● **MATERIAL FOR THIS EXERCISE**:
········
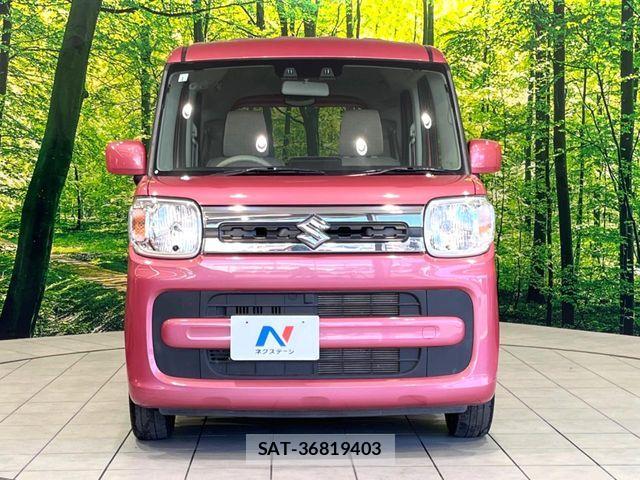 Suzuki SPACIA 2021-01 7225289-16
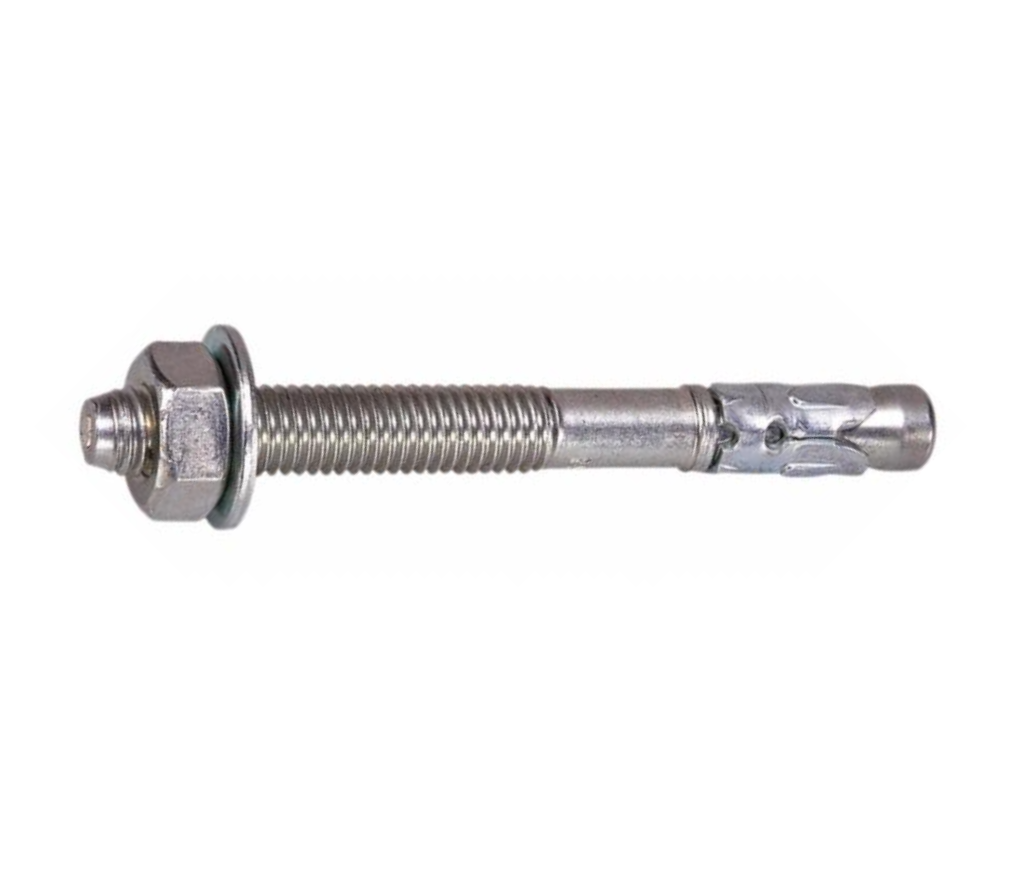 Bolzenanker, verzinkt, M6x60mm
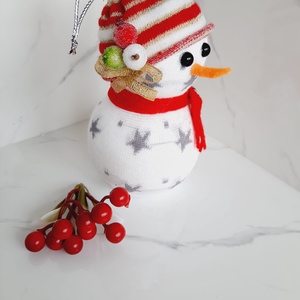 Om de zapada - crăciun - decorațiuni de crăciun de casă - globuri - Artynos.ro Om de zapada - crăciun - decorațiuni de crăciun de casă - globuri - Artynos.ro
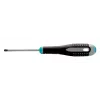 Schroevendraaier Bahco Ergo BE-8080-1 breedte 27 mm lengte 197 mm gewicht 58 g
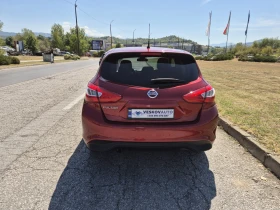 Nissan Pulsar 1.5dci Tekna | Mobile.bg    4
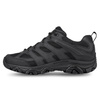 Merrell - Nízké vojenské boty - Moab 3 Tactical - Black - J003909. 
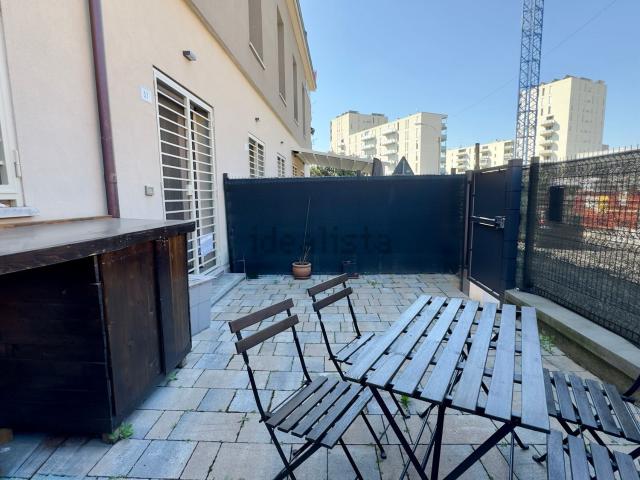 Appartamento in vendita di 40 m² in Via di Saliceto, 57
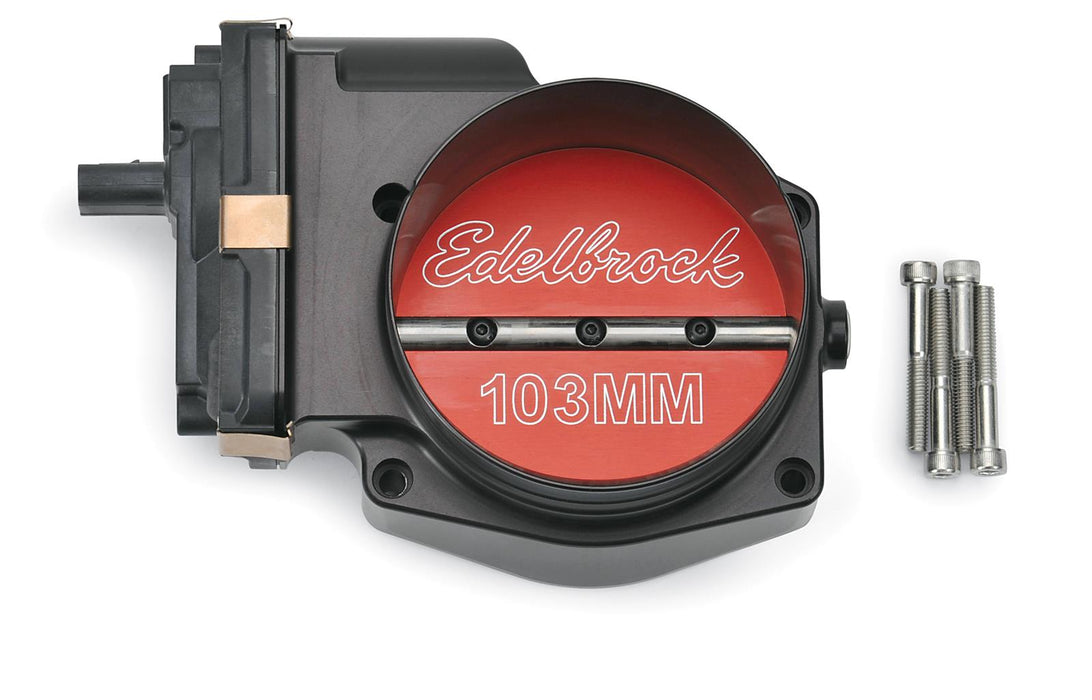 Edelbrock Throttle Bodies 38988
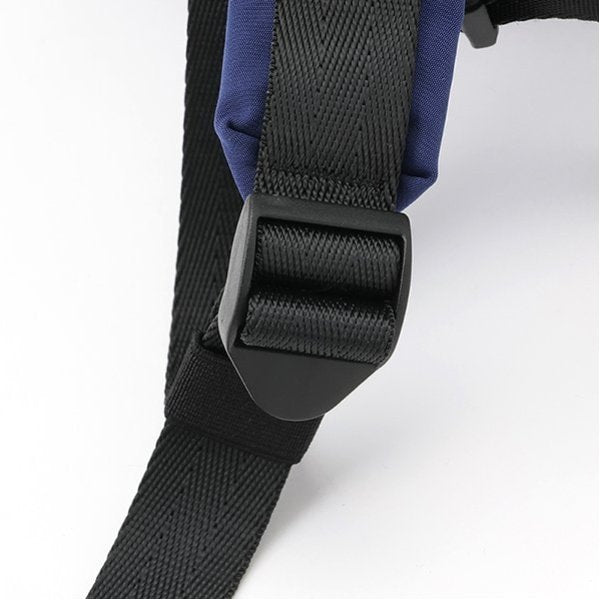 Mini ML waterproof backpacks and SM bags from Japan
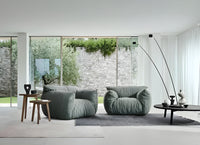Nuvola Armchair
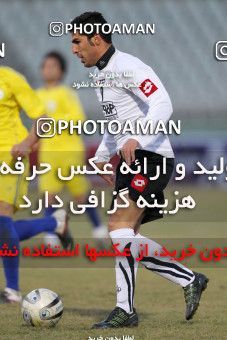 1052769, Tehran, [*parameter:4*], لیگ برتر فوتبال ایران، Persian Gulf Cup، Week 22، Second Leg، Naft Tehran 0 v 1 Sepahan on 2012/01/25 at Shahid Dastgerdi Stadium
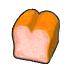 Fluffy bread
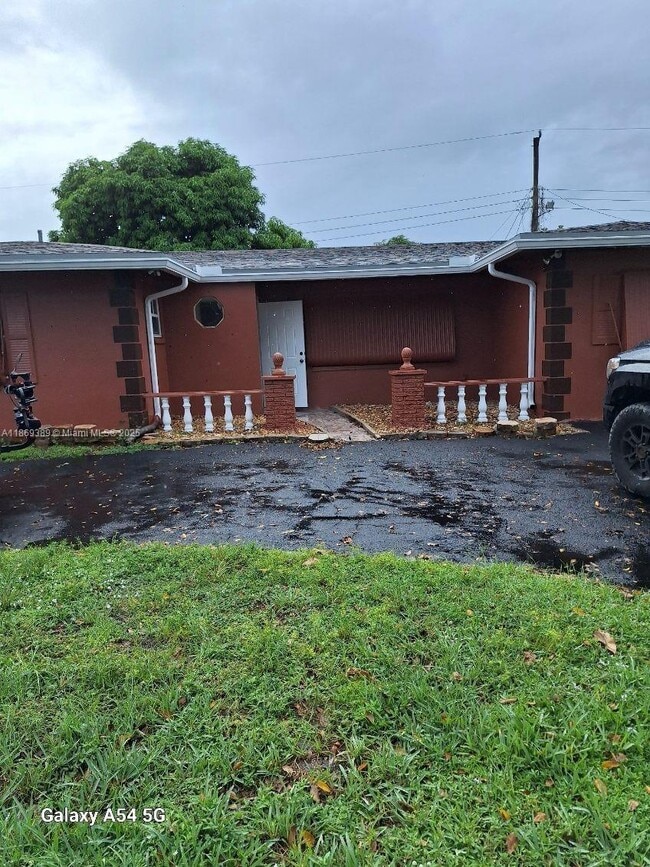 property at 1132 NW 76th Ave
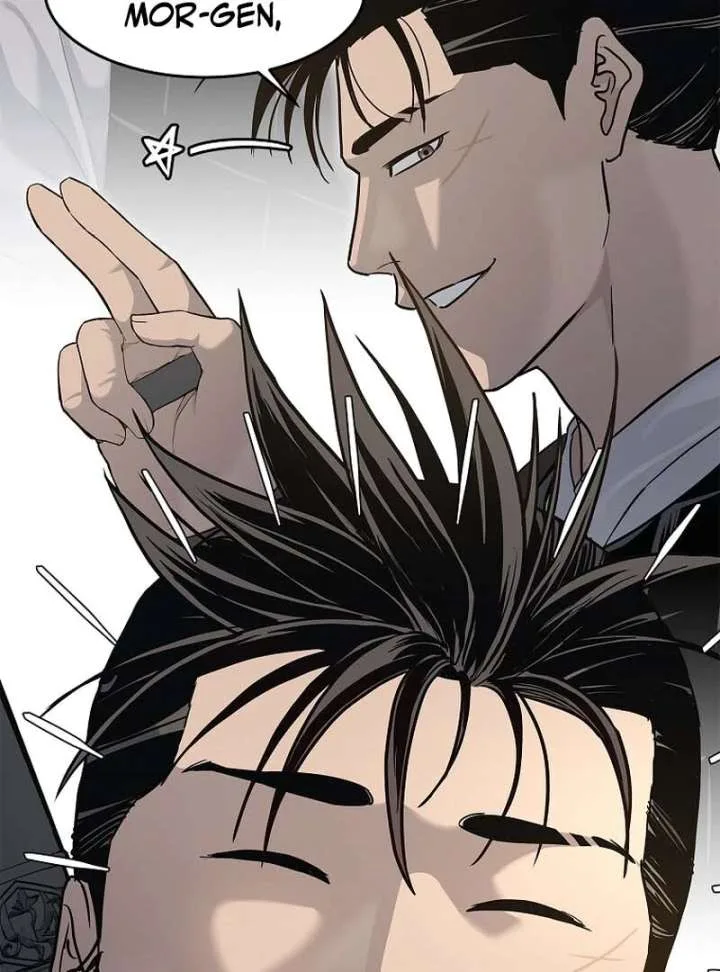 The Steel Emperor Chapter 5 page 126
········
● **YOUR GOAL**: Should a picture appear among the entries, skip it and copy the rest exactly.

● **OUTPUT**:
 Suzuki SPACIA 2021-01 7225289-16
 Bolzenanker, verzinkt, M6x60mm
 Om de zapada - crăciun - decorațiuni de crăciun de casă - globuri - Artynos.ro Om de zapada - crăciun - decorațiuni de crăciun de casă - globuri - Artynos.ro
 Schroevendraaier Bahco Ergo BE-8080-1 breedte 27 mm lengte 197 mm gewicht 58 g
 Nissan Pulsar 1.5dci Tekna | Mobile.bg    4
 Merrell - Nízké vojenské boty - Moab 3 Tactical - Black - J003909. 
 Appartamento in vendita di 40 m² in Via di Saliceto, 57
 Edelbrock Throttle Bodies 38988
 Mini ML waterproof backpacks and SM bags from Japan
Nuvola Armchair
 1052769, Tehran, [*parameter:4*], لیگ برتر فوتبال ایران، Persian Gulf Cup، Week 22، Second Leg، Naft Tehran 0 v 1 Sepahan on 2012/01/25 at Shahid Dastgerdi Stadium
 Fluffy bread
 property at 1132 NW 76th Ave
 The Steel Emperor Chapter 5 page 126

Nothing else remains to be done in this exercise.